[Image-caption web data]
═══

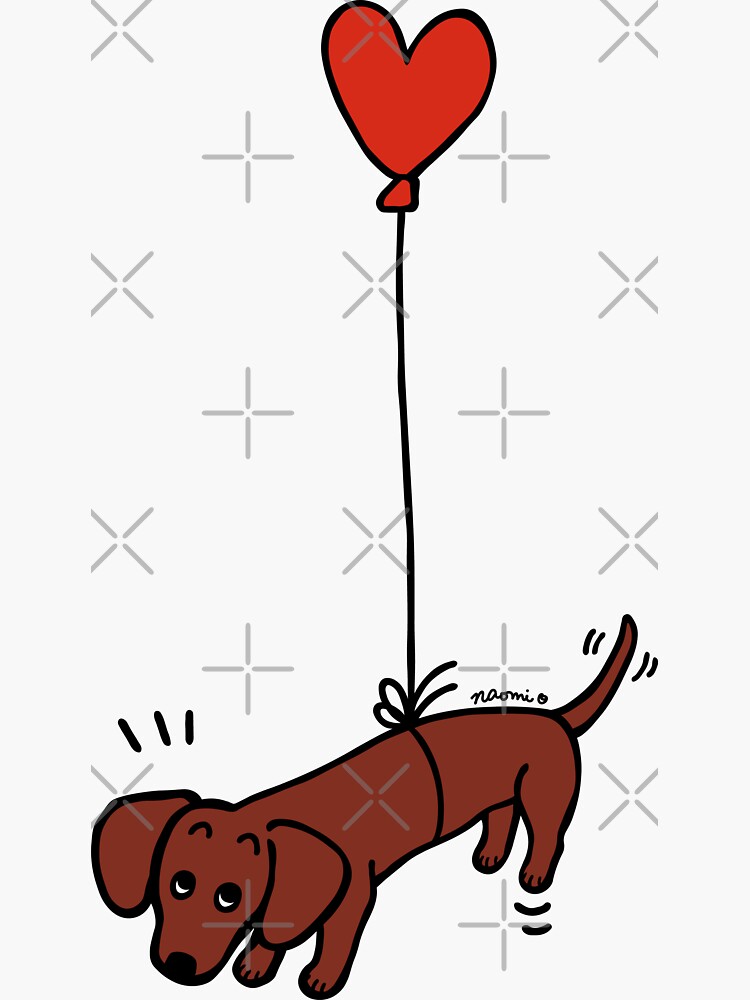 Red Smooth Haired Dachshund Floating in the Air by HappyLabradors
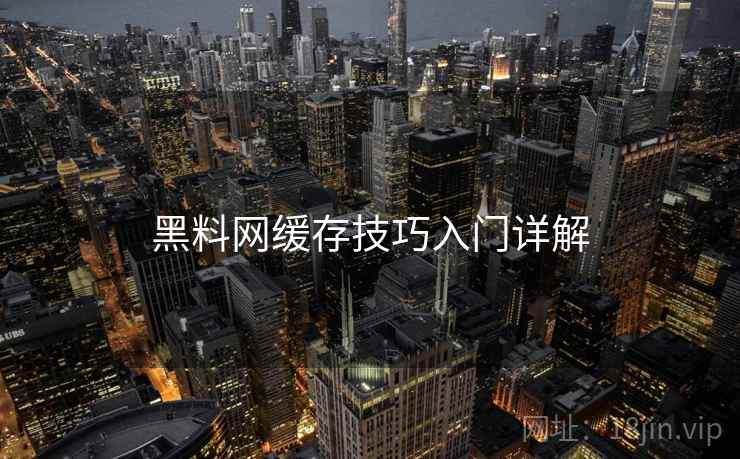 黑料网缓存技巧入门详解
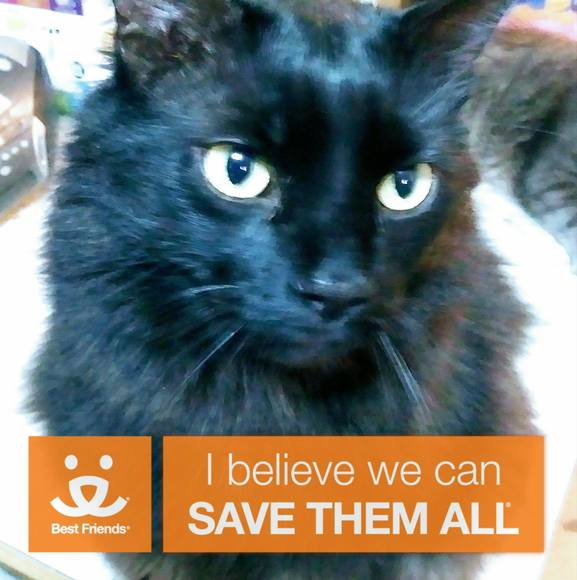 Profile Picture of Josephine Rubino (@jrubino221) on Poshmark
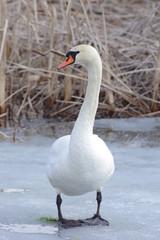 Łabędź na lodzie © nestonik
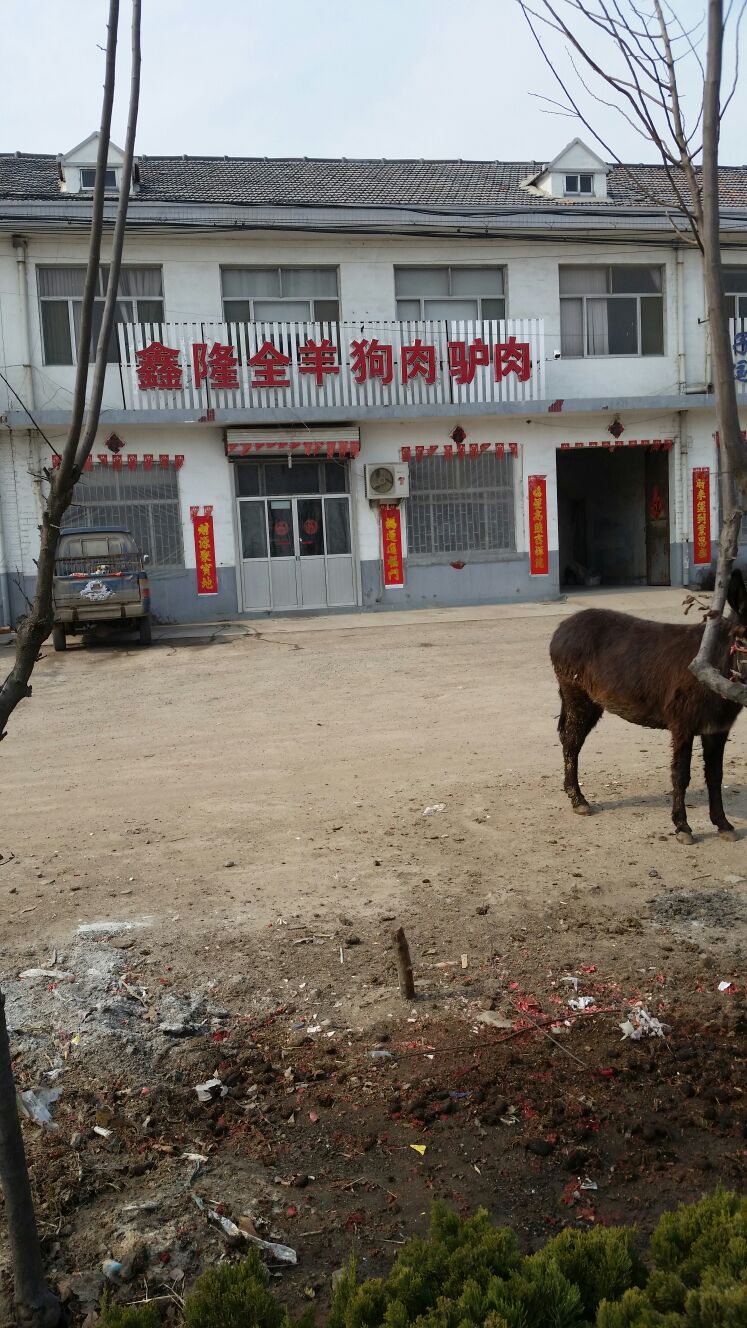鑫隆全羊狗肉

═══

Leave the images aside and transcribe all entries exactly.

Solution to this task:
 Red Smooth Haired Dachshund Floating in the Air by HappyLabradors
 黑料网缓存技巧入门详解
 Profile Picture of Josephine Rubino (@jrubino221) on Poshmark
 Łabędź na lodzie © nestonik
鑫隆全羊狗肉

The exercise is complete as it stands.